Population (May 2023)
- • Total: 181,084
- • Density: 10.403/km^{2} (26.943/sq mi)
- Time zone: UTC+1 (WAT)

= Nkéni-Alima Department =

Department of the Republic of the Congo

Nkéni-Alima is a department of the Republic of the Congo. It was created on 8 October 2024 from the northern part of Plateaux Department. Its capital is Gamboma. It is named after the Nkéni and Alima rivers.

==Geography and climate==
Nkéni-Alima borders the departments of Congo-Oubangui to the northeast, Cuvette to the north, Cuvette-Ouest to the northwest, and Plateaux Department to the south. Its eastern border is the Congo River: on the other side of the river are the provinces of Maï-Ndombe and Équateur of the Democratic Republic of the Congo.

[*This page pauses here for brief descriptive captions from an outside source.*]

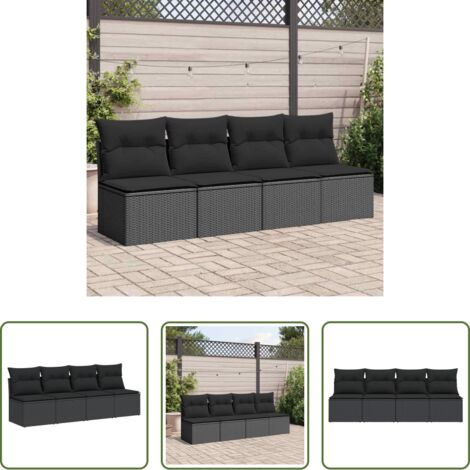Seduta esterna -  Divano da giardino con cuscini 4 posti nero in polyrattan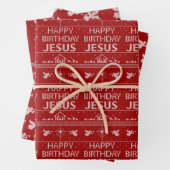 Happy Birthday Jesus Ugly Weihnachten Sweater Desi Geschenkpapier Set (Beispiel)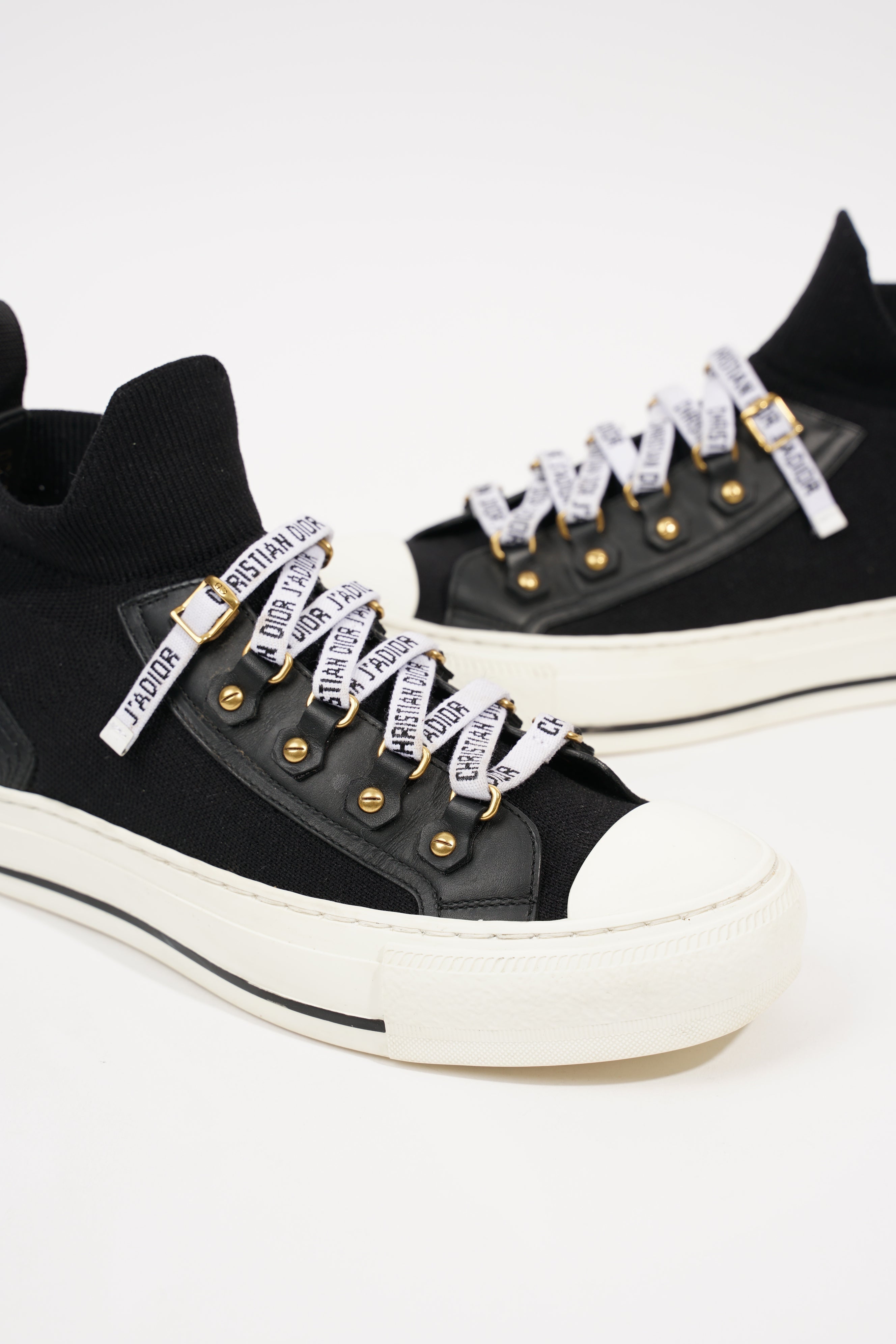 Christian Dior Womens Walk n' Dior Black White EU 37 / UK 4
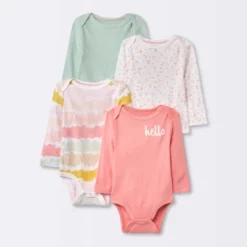 Baby Girls' 4pk Long Sleeve Bodysuit - Cloud Island™ Floral -Cheap Cloud Island Store GUEST d6cf913a 1dd8 417e a034 f2d2d36d4303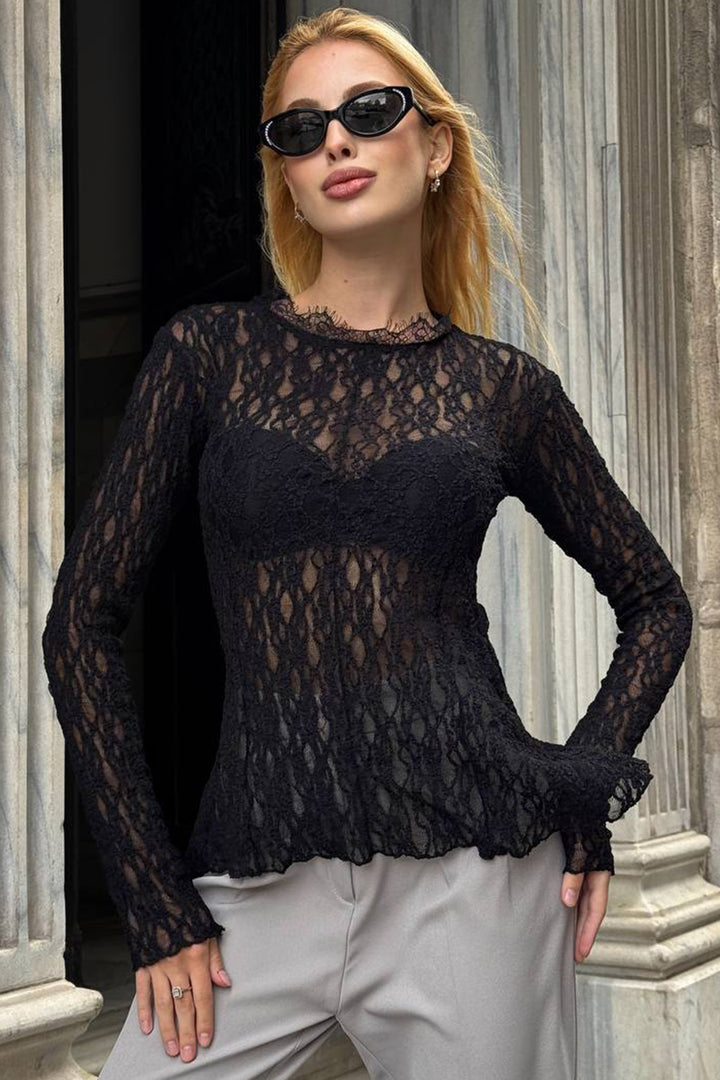 Black Bicycle Collar Pin Detailed Tulle Blouse BCHZCK-251263 - Chaves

Nkéni-Alima is located in the central part of the Republic of Congo, on a forested plain extending north of the Batéké Plateau. Lying in the Northwest Congolian lowland forests ecoregion, the department features a mosaic of gallery and swamp forests.

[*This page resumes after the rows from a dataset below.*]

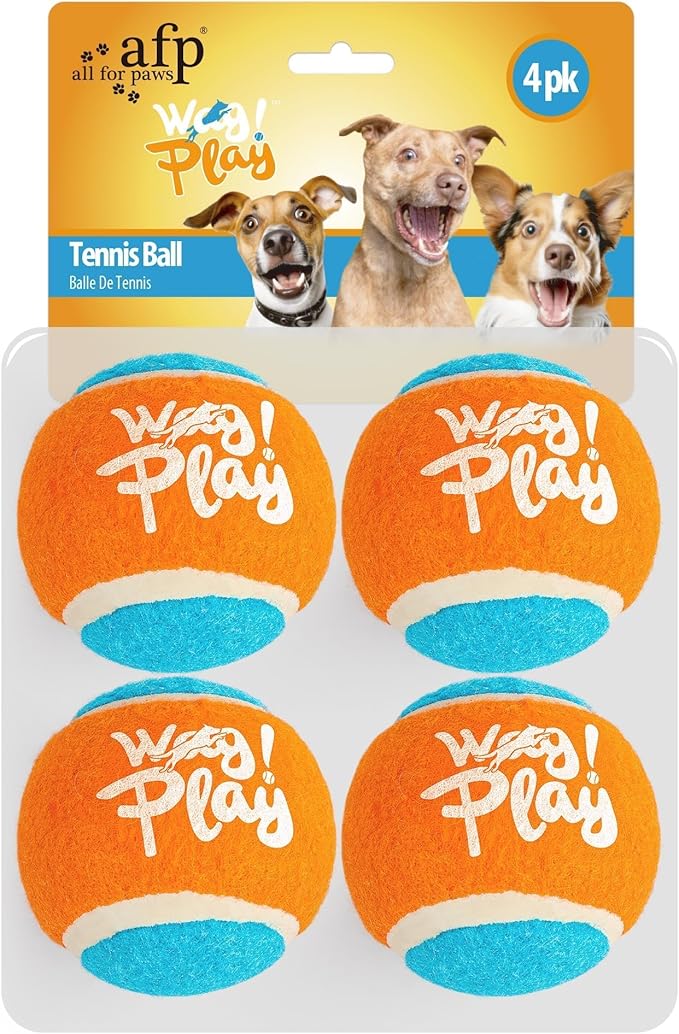 ALL FOR PAWS 2.5" Tennis Balls for Dogs, Dog Balls for Ball Launcher Toy, Bouncy & Durable Fetch Balls for Medium Large Dogs, 4 Pack Fetch Toy for Outdoor Play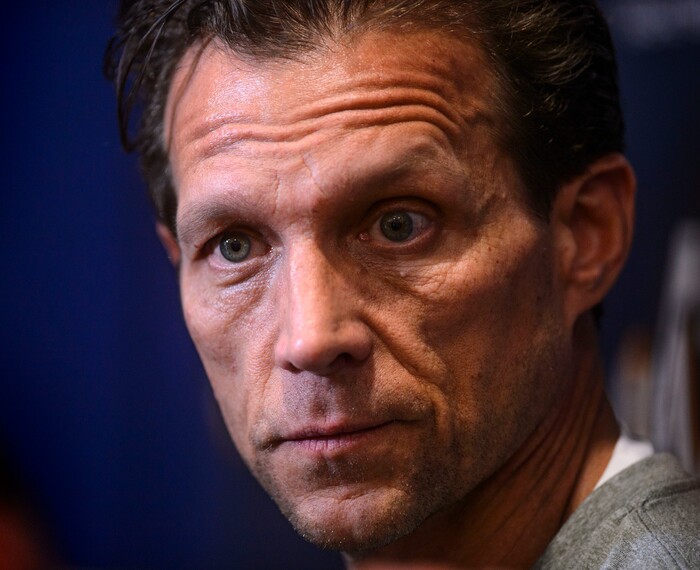 (Steve Griffin  |  The Salt Lake Tribune)  Utah Jazz head coach Quin Snyder talks with the media following the Utah Jazz practice at the Zions Bank Basketball Campus in Salt Lake City Friday April 13, 2018.
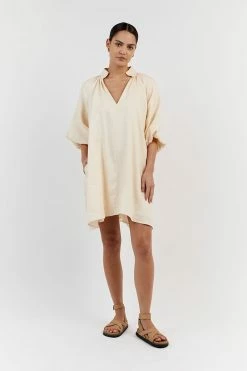 DISSH MATHER BUTTER LINEN SMOCK DRESS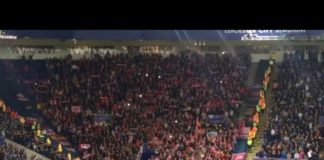La Afición del Atleti celebra el pase a semis de Champions en el estadio del Leicester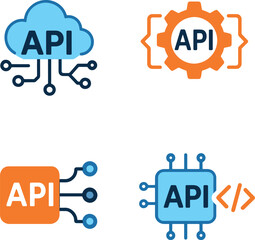 set of API logo icon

The eastern part of the department between the Alima and Ntsakosso rivers is designated as part of the Grands Affluents Ramsar site, which was grouped with Lake Tele in Likouala Department and Ngiri-Tumba-Maindombe in the Democratic Republic of the Congo as a transboundary Ramsar site in 2017, the largest such site in the world.

Nkéni-Alima experiences a tropical savanna climate with an average temperature of around 25 C. Annual rainfall ranges from 1600 to 2200 mm, and the dry season lasts about three to four months between June and September.

==History==
The Teke people are believed to be the first inhabitants of the region, establishing an independent principality at Etan, now Mbaya in Gamboma District. In the 15th century, the Bobangi and Mbochi peoples entered the area from the east, fleeing conflicts with the Fang.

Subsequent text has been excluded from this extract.